I really encourage you to take a good look at Haskell and the little wonders, like Parsec,that it contains.
Nevertheless, my current work is based in another interesting functional language, Erlang. Recently I've been needing some parsing power for my project. After spending some time taking a look at Erlang's parsing libraries like YEPP, I really started missing Parsec. For a moment I had the idea of building a Parsec-like library for Erlang. Fortunately Jeffrey Meunler has already done it: http://www.engr.uconn.edu/~jeffm/Source/Erlang/.
This version of Parsec is much smaller than the original Parsec library for Haskell, but is handy and really does its work. The most annoying part is dealing with Erlang's unconvenient functional syntax. The Erlang's version of the 'simple' and 'complex' char parsers shown before will look like this:
simple(S) ->
parser:pAlphaNum(S) .
>simple("abc")
{"a","bc"}
complex(S) ->
(parse:pMany( fun parser:pAlphaNum/1 ))(S) .
>complex("abc")
{"abc",[]}
I've used this library to build a small parser for a subset of the SPARQL query language. Here you can see the production and how they are implemented in Erlang:
%% @doc
%% Main public function of the parser.
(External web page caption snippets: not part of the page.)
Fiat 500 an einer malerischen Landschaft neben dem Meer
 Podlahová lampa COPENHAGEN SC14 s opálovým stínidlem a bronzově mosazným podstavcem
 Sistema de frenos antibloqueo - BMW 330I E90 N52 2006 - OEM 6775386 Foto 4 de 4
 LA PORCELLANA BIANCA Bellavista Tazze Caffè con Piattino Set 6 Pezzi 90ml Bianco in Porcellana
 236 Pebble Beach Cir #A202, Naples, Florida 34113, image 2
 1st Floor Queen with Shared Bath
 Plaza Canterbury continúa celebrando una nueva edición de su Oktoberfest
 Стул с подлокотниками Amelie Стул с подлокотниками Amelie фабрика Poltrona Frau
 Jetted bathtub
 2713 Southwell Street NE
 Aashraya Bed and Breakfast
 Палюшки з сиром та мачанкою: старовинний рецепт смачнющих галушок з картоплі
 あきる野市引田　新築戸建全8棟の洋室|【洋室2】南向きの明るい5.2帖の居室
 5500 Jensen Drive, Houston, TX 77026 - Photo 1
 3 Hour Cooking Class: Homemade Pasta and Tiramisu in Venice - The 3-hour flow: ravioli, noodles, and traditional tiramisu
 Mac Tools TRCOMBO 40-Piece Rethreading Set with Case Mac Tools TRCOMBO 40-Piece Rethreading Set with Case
It accepts a SPARQL query in a string
%% and returns a tuple with a list of variables and a list of triple patterns {S,P,O,G} as binaries or
%% error, if some error was found during the parsing process
-spec parse_sparql_query(list()) -> {[bitstring()],[{bitstring(), bitstring(), bitstring(), bitstring()}]} | error .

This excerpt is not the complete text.